First of all, can anyone explain what “Meme” stands for? Is it short for a word that starts with Meme? Is there any word that starts with Meme? Or does it simply mean Me! Me!? Please don’t explain it to me–these are just rhetorical questions. Why? Because sometimes knowing less about something makes it all that more fun as you learn about it.
But before we get into the meme that was thrust upon
generously shared with me by Dad To Two, I want to thank Kim, the Progressive Girl over at A World of Progress
for sending some blog lovin’ my way in the form of a super sized multi-award blog award. Wow. That was a mouthful! Anyway, she received 4 blog awards at once and grouped them into one super duper award and she has included me as a recipient! Go check out her blog. Read it. Follow it. You’ll be glad you did.
I am supposed to pass on these awards to my fellow bloggers but I’ve got my own little system in place for that, my semi-regular “You’re Appreciated” post. Don’t think I’m ungreatful or unsharing (is that a word?) because I haven’t named anyone else for these awards. I plan to do a “You’re Appreciated” post soon so I’ll be serving up some extra blog lovin’ real soon.
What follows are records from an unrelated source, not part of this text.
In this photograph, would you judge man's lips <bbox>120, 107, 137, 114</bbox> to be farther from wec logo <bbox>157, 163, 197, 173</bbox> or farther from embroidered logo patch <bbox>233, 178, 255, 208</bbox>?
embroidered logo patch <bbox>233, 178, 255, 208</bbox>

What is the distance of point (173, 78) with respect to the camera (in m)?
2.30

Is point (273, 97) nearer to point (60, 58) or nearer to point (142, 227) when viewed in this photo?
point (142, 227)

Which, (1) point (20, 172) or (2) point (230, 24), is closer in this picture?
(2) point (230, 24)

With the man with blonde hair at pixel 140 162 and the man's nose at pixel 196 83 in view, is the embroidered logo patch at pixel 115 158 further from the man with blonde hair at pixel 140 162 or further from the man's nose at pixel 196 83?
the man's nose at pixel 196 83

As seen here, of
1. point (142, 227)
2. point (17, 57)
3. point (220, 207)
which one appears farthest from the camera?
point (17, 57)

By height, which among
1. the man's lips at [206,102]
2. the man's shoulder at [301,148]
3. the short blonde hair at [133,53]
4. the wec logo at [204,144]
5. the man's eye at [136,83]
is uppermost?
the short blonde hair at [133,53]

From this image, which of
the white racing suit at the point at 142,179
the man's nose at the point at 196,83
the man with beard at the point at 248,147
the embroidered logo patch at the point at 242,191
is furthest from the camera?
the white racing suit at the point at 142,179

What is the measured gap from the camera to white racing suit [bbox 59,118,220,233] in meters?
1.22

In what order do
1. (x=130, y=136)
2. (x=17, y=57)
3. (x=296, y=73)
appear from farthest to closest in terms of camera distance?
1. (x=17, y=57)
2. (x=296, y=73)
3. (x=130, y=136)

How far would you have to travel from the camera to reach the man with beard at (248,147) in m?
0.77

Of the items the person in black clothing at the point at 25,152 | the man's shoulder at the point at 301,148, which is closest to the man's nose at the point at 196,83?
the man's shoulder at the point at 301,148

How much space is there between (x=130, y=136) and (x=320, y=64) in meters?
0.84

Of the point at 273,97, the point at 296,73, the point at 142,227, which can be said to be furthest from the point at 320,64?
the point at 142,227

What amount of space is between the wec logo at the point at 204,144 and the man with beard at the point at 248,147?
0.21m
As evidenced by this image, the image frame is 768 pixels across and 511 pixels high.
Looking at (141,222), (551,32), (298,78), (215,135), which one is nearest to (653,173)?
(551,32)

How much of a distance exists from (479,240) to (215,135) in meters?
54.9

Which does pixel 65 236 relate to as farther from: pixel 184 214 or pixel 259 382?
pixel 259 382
My buddy over at Dad To Two
has kindly hit me with a Bookworm Meme. Fortunately, I have tons of books right near my computer. I picked the bookcase that was a little bit further away, closed my eyes, (knocked over a nick-nack and a photo of my close friend’s son) and I grabbed the first book I felt. Here’s how it is supposed to work:
1. Grab the nearest book.
2. Open the book to page 56.
3. Find the fifth sentence.
4. Post the text of the next two to five sentences.
5. Don’t dig for your favorite book, the cool book or the intellectual one. Pick the Closest.
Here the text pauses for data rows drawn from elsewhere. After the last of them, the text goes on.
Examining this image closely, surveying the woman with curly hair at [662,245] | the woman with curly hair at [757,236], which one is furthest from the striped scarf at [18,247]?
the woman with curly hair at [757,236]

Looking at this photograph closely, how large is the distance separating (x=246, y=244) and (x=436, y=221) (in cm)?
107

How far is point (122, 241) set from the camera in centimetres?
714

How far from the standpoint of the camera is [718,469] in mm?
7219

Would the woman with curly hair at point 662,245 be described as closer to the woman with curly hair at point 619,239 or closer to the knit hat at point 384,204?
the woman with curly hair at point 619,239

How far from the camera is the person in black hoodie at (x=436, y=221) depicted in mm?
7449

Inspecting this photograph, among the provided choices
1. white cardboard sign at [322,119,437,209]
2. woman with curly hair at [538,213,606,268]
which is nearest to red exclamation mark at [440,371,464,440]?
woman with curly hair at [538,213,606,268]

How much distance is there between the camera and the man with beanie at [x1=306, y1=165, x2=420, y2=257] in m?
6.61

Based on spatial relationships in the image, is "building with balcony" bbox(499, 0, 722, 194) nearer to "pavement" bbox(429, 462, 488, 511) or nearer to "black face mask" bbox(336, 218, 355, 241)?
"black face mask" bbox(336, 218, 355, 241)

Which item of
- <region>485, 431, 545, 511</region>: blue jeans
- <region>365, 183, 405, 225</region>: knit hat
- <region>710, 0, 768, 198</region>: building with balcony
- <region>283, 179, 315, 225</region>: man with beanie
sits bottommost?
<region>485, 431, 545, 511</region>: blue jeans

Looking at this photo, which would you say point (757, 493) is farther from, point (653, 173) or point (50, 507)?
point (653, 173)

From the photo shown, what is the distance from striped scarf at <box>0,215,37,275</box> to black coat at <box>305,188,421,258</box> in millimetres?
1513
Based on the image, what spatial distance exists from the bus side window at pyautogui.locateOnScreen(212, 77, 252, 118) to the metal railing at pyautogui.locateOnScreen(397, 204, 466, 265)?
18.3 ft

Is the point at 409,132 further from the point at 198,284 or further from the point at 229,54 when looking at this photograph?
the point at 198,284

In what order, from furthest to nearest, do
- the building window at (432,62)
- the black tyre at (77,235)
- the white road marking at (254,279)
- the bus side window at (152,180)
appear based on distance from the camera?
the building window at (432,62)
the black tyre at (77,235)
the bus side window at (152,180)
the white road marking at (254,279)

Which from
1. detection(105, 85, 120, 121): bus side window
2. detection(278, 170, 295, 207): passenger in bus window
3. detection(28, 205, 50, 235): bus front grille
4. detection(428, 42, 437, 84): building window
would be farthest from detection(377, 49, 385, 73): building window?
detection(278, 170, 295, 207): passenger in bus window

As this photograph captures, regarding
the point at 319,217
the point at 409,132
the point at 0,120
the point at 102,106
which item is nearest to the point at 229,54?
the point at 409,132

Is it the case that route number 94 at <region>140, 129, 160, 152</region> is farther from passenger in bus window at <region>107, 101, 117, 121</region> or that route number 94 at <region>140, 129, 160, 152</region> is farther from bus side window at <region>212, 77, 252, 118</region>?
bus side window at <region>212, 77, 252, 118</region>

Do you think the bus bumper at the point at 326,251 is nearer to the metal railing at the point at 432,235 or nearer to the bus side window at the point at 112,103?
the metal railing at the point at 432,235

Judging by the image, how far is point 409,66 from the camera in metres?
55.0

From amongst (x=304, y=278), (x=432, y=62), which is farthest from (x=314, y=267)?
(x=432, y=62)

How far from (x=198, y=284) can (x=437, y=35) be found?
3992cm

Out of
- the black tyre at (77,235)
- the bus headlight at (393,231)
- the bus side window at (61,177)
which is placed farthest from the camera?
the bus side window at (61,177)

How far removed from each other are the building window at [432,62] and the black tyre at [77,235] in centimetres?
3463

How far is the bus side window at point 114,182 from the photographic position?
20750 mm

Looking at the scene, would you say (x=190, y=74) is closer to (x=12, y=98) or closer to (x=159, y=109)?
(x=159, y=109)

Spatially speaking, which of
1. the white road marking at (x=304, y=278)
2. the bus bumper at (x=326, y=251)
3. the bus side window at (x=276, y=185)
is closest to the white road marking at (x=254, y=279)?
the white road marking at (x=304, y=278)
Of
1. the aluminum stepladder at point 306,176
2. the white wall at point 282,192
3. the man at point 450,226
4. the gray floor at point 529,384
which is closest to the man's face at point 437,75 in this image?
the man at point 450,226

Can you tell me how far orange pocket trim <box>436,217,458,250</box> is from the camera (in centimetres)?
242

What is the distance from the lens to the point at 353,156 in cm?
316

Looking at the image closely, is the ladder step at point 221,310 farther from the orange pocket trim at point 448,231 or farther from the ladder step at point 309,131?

6. Tag five people to do the same.
Ok so here is page 56 starting with the fifth sentence:
“He flocked back to a page headed NATURAL RESOURCES, and under SILVER read: ‘No silver had been mined in Uberwald since the Diet of Bugs in AM1880, and the possession of the metal is technically illegal.’ There was no explanation. He made a note to ask Inigo. After all, where you got werewolves, didn’t you need silver? And things must have been pretty bad if everyone had to eat insects.”
I’d be really interested if anyone out there can figure out what book this is from. Anyway, if you think you know or even if you don’t, post a comment. And now to torture forward this to 5 fellow bloggers:
1. Mongolian Girl over at The Cusp
– Anyone who plays with chainsaws AND wants to have dinner with Linda and me is OK in my book. And I loved Angie Dickenson…
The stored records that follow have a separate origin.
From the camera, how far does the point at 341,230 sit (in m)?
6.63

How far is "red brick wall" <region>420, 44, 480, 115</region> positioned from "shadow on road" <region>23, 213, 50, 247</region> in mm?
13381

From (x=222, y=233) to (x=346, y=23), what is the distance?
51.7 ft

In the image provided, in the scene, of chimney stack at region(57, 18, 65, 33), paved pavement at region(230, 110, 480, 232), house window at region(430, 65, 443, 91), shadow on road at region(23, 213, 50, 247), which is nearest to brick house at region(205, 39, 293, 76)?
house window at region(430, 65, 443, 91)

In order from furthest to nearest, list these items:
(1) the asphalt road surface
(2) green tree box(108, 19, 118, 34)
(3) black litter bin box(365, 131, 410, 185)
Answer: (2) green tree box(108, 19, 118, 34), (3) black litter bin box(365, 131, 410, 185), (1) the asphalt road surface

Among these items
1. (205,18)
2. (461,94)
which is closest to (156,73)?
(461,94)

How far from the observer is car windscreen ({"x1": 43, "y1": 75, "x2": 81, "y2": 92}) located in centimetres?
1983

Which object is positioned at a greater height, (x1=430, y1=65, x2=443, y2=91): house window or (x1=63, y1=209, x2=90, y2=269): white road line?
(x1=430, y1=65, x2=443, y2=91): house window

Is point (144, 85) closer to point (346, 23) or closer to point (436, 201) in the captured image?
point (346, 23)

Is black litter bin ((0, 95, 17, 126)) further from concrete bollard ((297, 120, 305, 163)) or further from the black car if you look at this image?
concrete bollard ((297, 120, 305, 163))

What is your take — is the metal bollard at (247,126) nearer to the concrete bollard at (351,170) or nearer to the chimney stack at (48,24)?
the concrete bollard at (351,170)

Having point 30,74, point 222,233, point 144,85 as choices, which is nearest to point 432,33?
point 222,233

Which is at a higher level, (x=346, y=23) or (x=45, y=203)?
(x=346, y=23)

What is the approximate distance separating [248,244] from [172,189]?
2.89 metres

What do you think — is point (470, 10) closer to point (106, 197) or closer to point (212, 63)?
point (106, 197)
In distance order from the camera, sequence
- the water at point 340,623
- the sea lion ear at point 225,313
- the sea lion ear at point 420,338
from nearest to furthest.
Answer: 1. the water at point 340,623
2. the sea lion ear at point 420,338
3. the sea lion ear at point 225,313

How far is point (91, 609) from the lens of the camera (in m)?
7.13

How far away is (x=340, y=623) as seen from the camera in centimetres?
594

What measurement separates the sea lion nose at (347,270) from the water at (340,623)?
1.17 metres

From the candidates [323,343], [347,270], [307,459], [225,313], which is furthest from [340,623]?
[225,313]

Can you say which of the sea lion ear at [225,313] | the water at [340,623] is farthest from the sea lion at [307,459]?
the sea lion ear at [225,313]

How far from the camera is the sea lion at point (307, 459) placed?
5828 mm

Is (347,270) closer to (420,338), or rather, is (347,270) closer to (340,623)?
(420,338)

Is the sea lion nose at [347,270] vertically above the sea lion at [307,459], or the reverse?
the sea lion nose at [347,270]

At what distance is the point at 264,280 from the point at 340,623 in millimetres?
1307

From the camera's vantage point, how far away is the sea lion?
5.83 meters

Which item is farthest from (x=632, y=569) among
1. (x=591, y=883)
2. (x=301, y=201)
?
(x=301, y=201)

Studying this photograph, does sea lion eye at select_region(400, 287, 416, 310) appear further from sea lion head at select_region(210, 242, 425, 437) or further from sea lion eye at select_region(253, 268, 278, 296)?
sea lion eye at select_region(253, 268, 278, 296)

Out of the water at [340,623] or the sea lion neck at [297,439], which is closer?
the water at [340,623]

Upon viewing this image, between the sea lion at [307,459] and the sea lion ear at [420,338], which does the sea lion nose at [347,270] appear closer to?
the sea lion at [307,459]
2. Angie over at My Pretty Purse
– Angie has the girliest girl blog I’ve seen in a while. It’s cute and adorable and oh so girly. Plus she asked me for Martini advice! I love people who love martinis!
3. The Verbal Warrior over at Read Between My Lines
– This chickie-poo ( I can use sexist names like that cause I’m gay
. It’s one of the perks.) actually reads. Plus anyone who drinks 3 cups of coffee and posts hot pictures of a guy named Dean on her blog is my kinda gal. And she likes my blog. She really likes it. (Ok, so Sally Fields I’m not!)
4. The Dude from People In the Sun – This guy actually worked in a bookstore when he lived in England and he blogs about his mother. Well, he finally blogged about his mother after she discovered his blog and her absence from it. Bet he did her proud and even posted a pic of them together.
5. The Country Wife over at Country Life with Country Wife – She thinks I’m hot! Let me say that again, “She thinks I’m hot!’ What ever you do, Country Wife, don’t look at that recent picture of me at Cork Restaurant. You’ll see I’ve gained a little weight. And even better than thinking I’m hot, she has a widget on her blog that says, I Love My Lesbian Daughter. Actually, the word “love” is represented by a rainbow heart. Country Wife, you rock!
Lastly, it’s 10:10 pm on 11/23/08 and my daughter is turning 29 tomorrow. I cannot believe it. I still feel like I’m 16 so how can I have a daughter who is going to be 29? I put some of her gifts in a gift bag that had “THIRTY” written across both sides in big letters. I then wrote across the “thirty” in black marker, “NOT YET.” I hope she sees the humor in that.